ERDOĞAN KARŞITLIĞINDAN DÖNMÜŞTÜ
Kaşıkçı’nın nişanlısının aynı zamanda AKP hükümetinin etkin isimlerinden birinin yakını olduğunu iddia eden kaynaklar, Kaşıkçı ailesinin aslen Kayseri kökenli olduğunu belirterek “Kaşıkçı ailesi ve Suudi hanedanlığı arasında ilişki kurucu Kral Abdülaziz’e kadar uzanıyor. Ailenin en bilinen simalarından silah tüccarı Adnan Kaşıkçı’nın adı Iran Gate skandalında geçmişti” bilgisini paylaştı.

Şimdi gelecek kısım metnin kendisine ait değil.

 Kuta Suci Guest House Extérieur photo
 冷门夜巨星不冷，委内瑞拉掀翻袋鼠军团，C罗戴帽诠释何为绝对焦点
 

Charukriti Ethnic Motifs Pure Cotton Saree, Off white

Suudi hanedanlığı ile yakın ilişkileri Cemal Kaşıkçı da belirli bir süre devam ettirmişti. Kral Selman döneminde Cumhurbaşkanı Erdoğan’a ‘işbirlikçi’ suçlaması yönelten Kaşıkçı, Muhammed Bin Selman’ın kontrolü ele geçirmesinin ardından ülkeden ayrılarak Türkiye ve Katar ekseninde hareket etmeye başladı. Kaşıkçı, son dönemde Suudi Arabistan’ın ambargo uyguladığı Katar’ın Al Jazeera televizyonda Riyad yönetimini sıkça eleştirmekteydi.
TRUMP KARŞITI MAKALESİ SANSÜRE UĞRADI
Veliaht Prens Muhammed Bin Salman’ın hedef tahtasına koyduğu Suudi gazetecinin ABD Başkanı Donald Trump ile de yıldızı barışmadı. 2016 yılında el Hayat gazetesine yazdığı Trump’ı eleştiren makalesi yayımlanmayan Kaşıkçı bir süre gözaltında kalmış, ardından sosyal medya hesaplarına yasak getirilmişti.

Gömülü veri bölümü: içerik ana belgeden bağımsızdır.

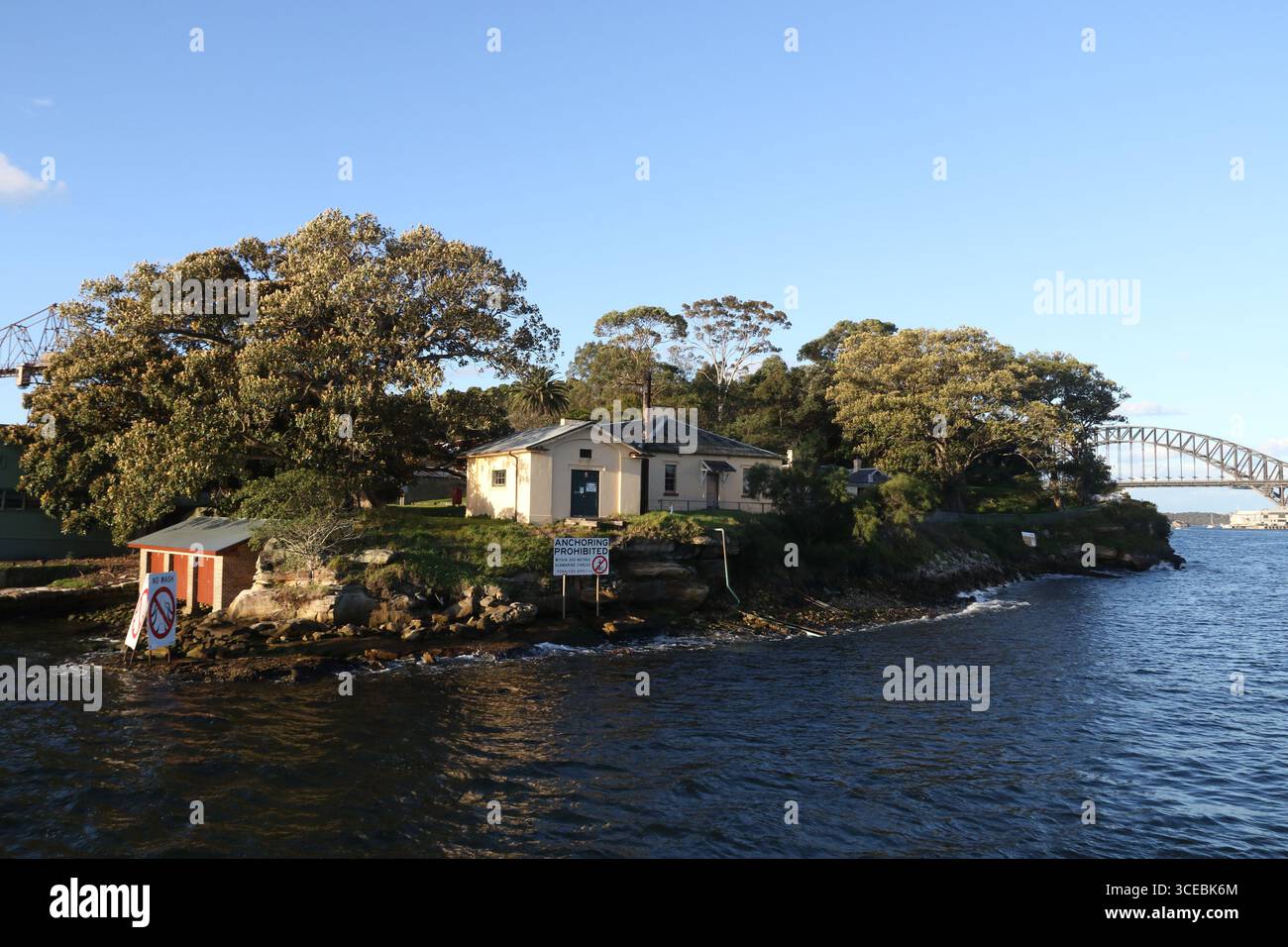 Sydney, Australie. 16 août 2025. Goat Island, une île classée au patrimoine mondial située à Port Jackson, à Sydney, en Nouvelle-Galles du Sud, en Australie. Crédit : RIC Banque D'Images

The Washington Post gazetesinde yazılarına devam eden Kaşıkçı için dün açıklama yapan ABD Senatosu Dış İlişkiler Komitesi Üyesi Chris Murphy, “Suudların ABD’de yaşayan birini hileyle konsolosluklarına çekip orada öldürdüğü doğru ise Suudi Arabistan ile ilişkilerimiz temel bir kopma ile sonuçlanmalıdır” paylaşımında bulundu. Trump yönetiminden ise henüz resmi bir açıklama yapılmadı.

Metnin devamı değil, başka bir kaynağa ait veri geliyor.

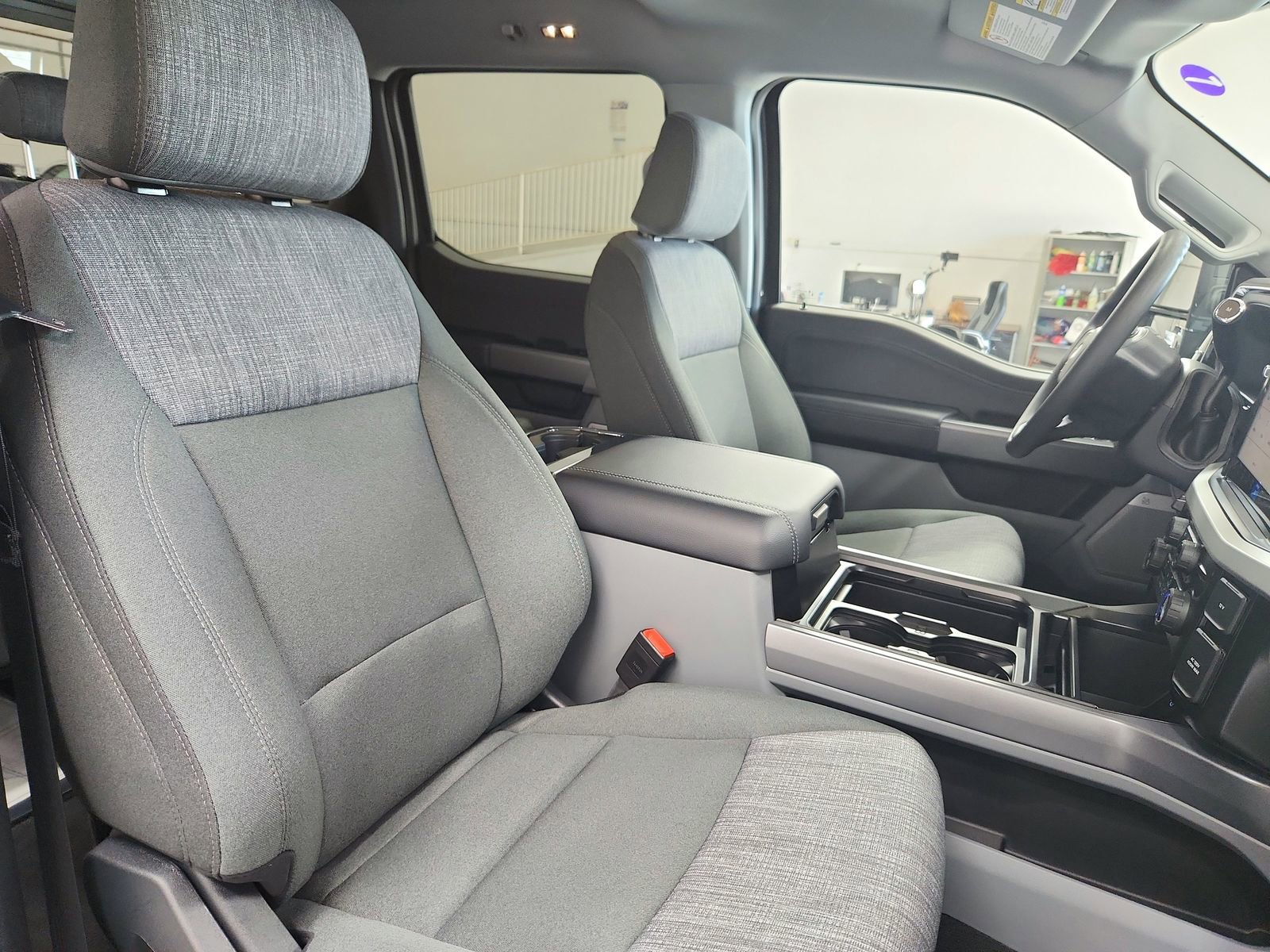 New 2026 Ford F250 XLT w/ XLT Premium Package image 39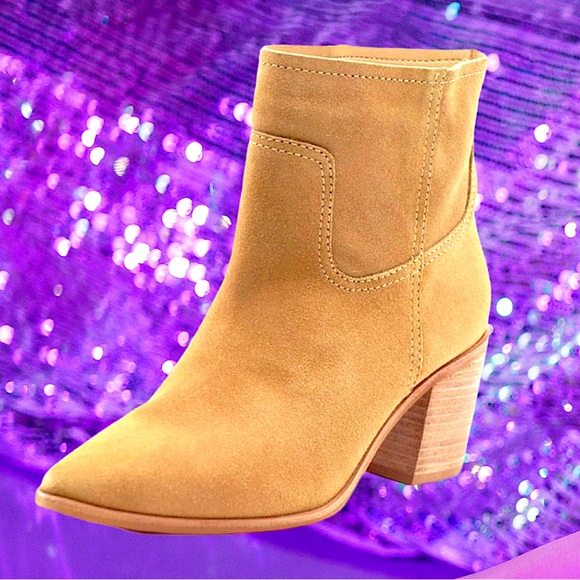 🆕KAANAS Women’s Tan leather “Pigato” pointed-toe Heeled Boots❤️11M❤️MSRP:$140 - Picture 1 of 5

LONDRA’DA İNTİHAR FAS’TA KAÇIRMA
Suudi istihbaratının Türkiye’nin egemenlik haklarına rağmen muhalif gazeteci Kaşıkçı’nın kaybolması kamuoyunda tepki toplarken bu tip olayların sıklıkla yaşanması dikkat çekiyor. Mart ayında Suudi Prens Bandar bin Halid bin Abdülaziz şüpheli biçimde Londra balkondan düşerek ‘intihar’ etmiş, 2015 ve 2016 yıllarında da üç prens kayıplara karışmıştı. Kayıp prenslerden Sultan Bin Turki’nin Paris’ten Kahire’ye kalktığını sandığı bir uçağa bindiği ancak o uçak Riyad’a indiği basına yansımıştı.